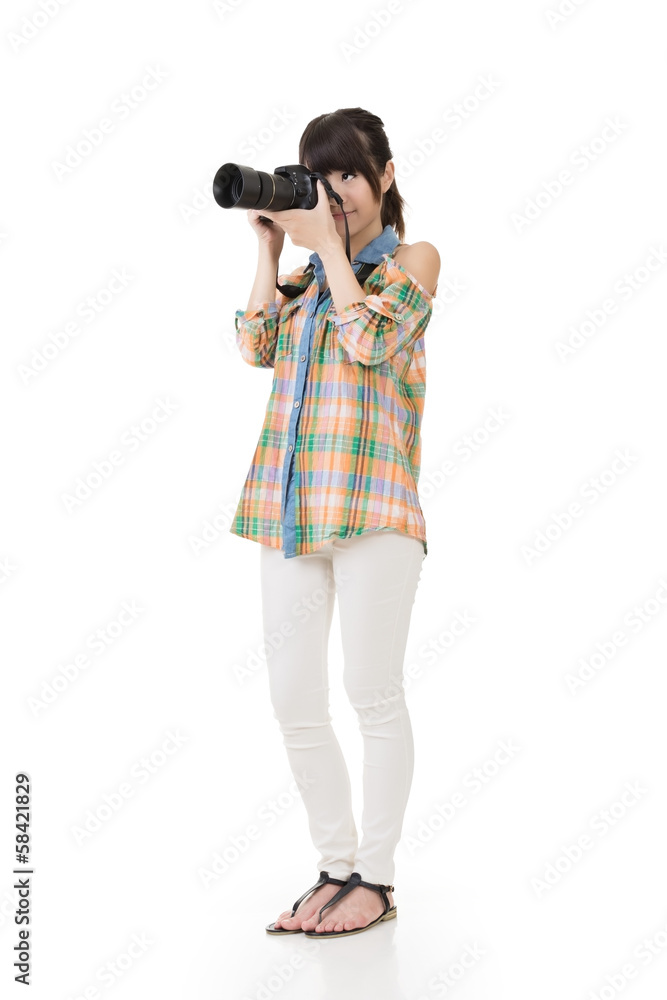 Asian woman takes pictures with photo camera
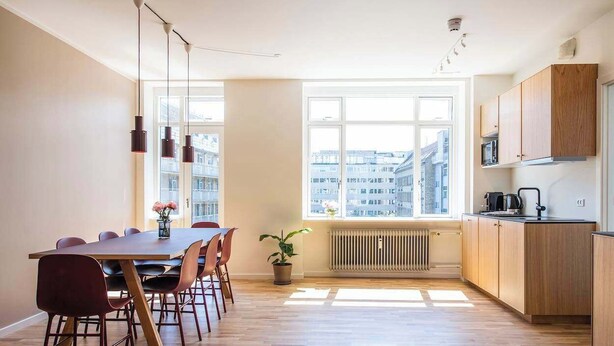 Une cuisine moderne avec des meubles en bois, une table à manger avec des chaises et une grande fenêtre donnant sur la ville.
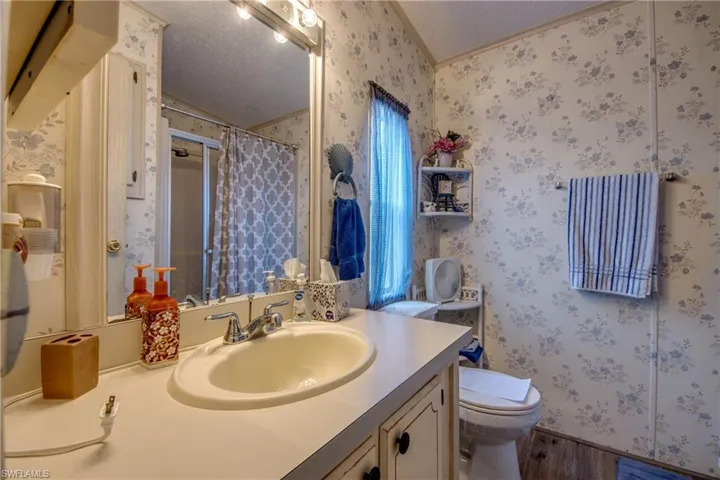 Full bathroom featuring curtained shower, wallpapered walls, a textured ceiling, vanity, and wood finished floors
____
__EXERCISE OBJECTIVE__
All the lines above are to be reproduced exactly, except the pictures.

__RESULT BELOW__
 Asian woman takes pictures with photo camera
 Une cuisine moderne avec des meubles en bois, une table à manger avec des chaises et une grande fenêtre donnant sur la ville.
 Full bathroom featuring curtained shower, wallpapered walls, a textured ceiling, vanity, and wood finished floors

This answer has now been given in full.